Il silenzio di mezza estate

laureato_piscina

 

“Le buone abitudini si perdono in fretta”. C’è stato un tempo in cui giocavo a pallacanestro. Facevo parte di una piccola squadra di provincia che riusciva a ottenere sempre e solo il secondo posto in ogni torneo: si chiamava AP Cercola. Un’estate mi allenai insieme ai ragazzi di un anno più piccoli. L’allenatore si chiamava Nicola. Aggiungerei volentieri il cognome, ma credo di non averlo mai saputo. A dire il vero a quei tempi, prima che facebook generasse nuovi standard per le rubriche, le persone avevano un nome e un nickname, difficilmente un cognome. Nicola era più alto di me, dava soprannomi ai ragazzi che avevano lo stesso nome, aveva una grande capacità di spronare e ogni volta che ci allenavamo all’aperto si scusava per gli occhiali da sole, spiegando che un problema agli occhi lo obbligava ad usarli. Al contrario di altri allenatori che avevo avuto prima e che avrei avuto dopo, parlava quasi esclusivamente in italiano, non diceva parolacce e sapeva dosare rimproveri e complimenti, virtù rara e preziosa in un maestro. “Le buone abitudini si perdono in fretta” era una frase sua, sempre che non l’avesse rubata a qualcuno.

La buona abitudine che ho perso era quella di scrivere su questo blog ogni settimana. E’ bastato saltare la prima settimana dopo mesi di regolarità, tuttavia, perché trascorresse più di un mese senza che mi preoccupassi di lasciare un post. Tutto è iniziato con un contrattempo. Ho trascorso una settimana, la mia ultima settimana a Milano, senza il pc. I giorni del trasloco sono stati elegiaci. Ogni scorcio, ogni viale che in tre anni e mezzo di vita milanese mi sembravano di poco conto, in quella settimana sono diventati un carico prezioso che controvoglia stavo abbandonando alle mie spalle. Persino lo squallore della casetta in Via Lario 13b che avevo tante volte deprecato acquistava un consistente valore sentimentale.
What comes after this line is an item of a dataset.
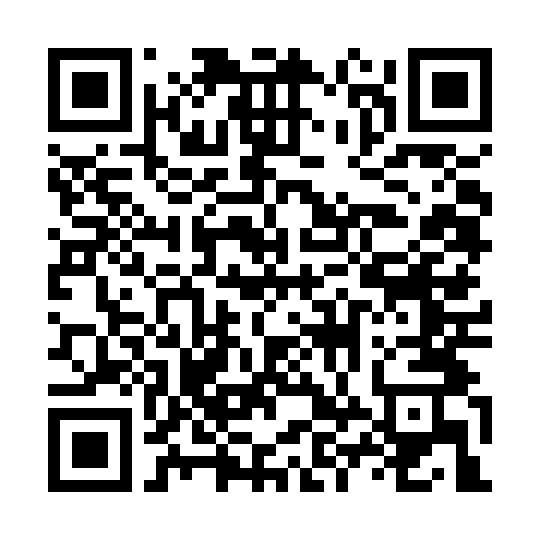 QR для входу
Quanta differenza tra il senso di fallimento di quegli ultimi giorni in cui ogni oggetto finiva in una scatola e il giorno in cui salutai il mio vecchio, mia madre e lei che lasciavano Milano dopo avermi aiutato a sistemare la casa dove avrei vissuto per la prima volta da solo. Da qualche parte in un taccuino scrissi “Così cominciava la mia avventura milanese”. Era una frase piena di entusiasmo, l’incipit di un romanzo che non vedevo l’ora di comporre. C’era tanto orgoglio, fierezza, o forse c’erano solamente tanta arroganza e superbia in quelle parole: mi sentivo uno schiacciasassi, un carroarmato.
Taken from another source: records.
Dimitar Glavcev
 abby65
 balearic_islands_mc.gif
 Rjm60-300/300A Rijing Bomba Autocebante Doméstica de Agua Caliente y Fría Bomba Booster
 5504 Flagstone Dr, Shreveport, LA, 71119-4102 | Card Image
Una volta tornato a Napoli, le settimane senza un post si sono accumulate senza che nemmeno me ne accorgessi. Una settimana abbondante in vacanza con i miei genitori a Serramezzana, il pc fuori uso, un caldo insopportabile e appiccicoso che sconsigliava di trascorrere tempo con le dita sulla tastiera rovente di un laptop (mamma, è il nome tecnico con cui si definisce un pc portatile) e uno spaesamento totale. Il mio amico G. mi canzonava perché gli confessai che ogni volta che lasciavo un posto per un altro, anche solo per qualche giorno, avevo bisogno di un po’ di tempo per ambientarmi. Trovava la cosa piuttosto ridicola. Penso che lui, maestro di efficienza e incrollabile insonne, non riuscisse nemmeno per un istante ad immaginare quello stato d’animo di smarrimento che provavo di fronte a quel angusto e tremendo interstizio tra la fine di qualcosa e l’inizio di un’altra. Questa volta, quel processo di ambientamento sembra più lungo e faticoso che mai. Sono tornato nella camera che occupavo quando avevo ancora i capelli lunghi, la barba incolta. Ed è da quella camera che vi scrivo ora e vi scriverò nelle prossime settimane. Forse con meno regolarità, questa volta.